ABA today sent a memo to members of Congress opposing an amendment to the financial services agencies spending bill. The amendment, proposed by Reps. Keith Ellison (D-Minn.) and Hank Johnson (D-Ga.), would strike a provision in the bill requiring the Consumer Financial Protection Bureau to study the costs and benefits to consumers of eliminating arbitrations in consumer financial contracts in favor of class action lawsuits.
The CFPB recently proposed a rule to drastically limit the use of mandatory arbitration agreements for financial products and services, but ABA pointed out that the research the bureau conducted in support of the rule was “incomplete and even contradictory.” The association urged members of Congress to vote down the amendment to ensure that the CFPB properly assesses the effects of its proposed rule on consumers before moving forward. ABA added that in general, consumers tend to fare better in arbitration than in class action suits.

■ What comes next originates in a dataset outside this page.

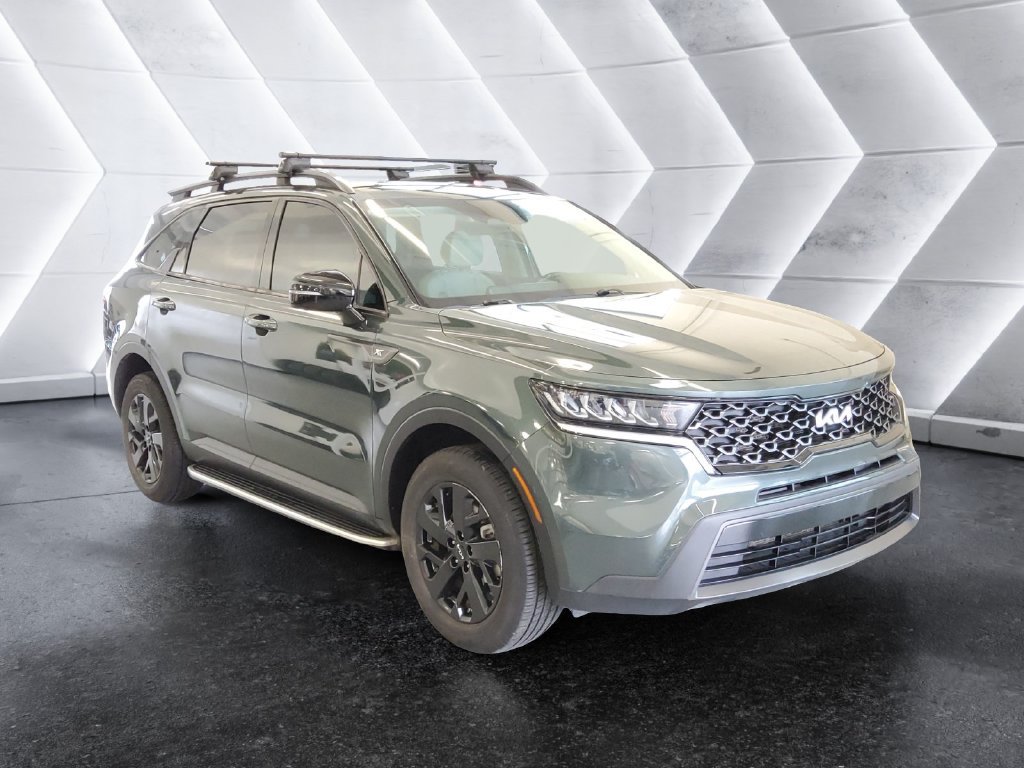 Certified 2022 Kia Sorento S w/ Panoramic Sunroof Package AWD/4WD image 1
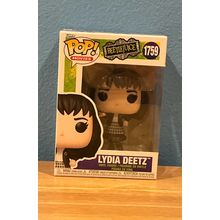 Funko Pop! Beetlejuice - Lydia Deetz #1759 Vinyl Figure (Box & Protector)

“According the CFPB’s own class action sample, lawyers made about $1 million each, while the average consumer walked away with about $32. But that average consumer recovery assumes that there is any consumer recovery. In fact, only 15 percent of the putative class actions the CFPB studied reached a class settlement, and only 4 percent of those class members received a check,” the memo said. “Based on the CFPB’s research to date, it is impossible to justify denying consumers access to efficient, user-friendly arbitration in favor of diverting them into class actions where they have no control and little chance of success.”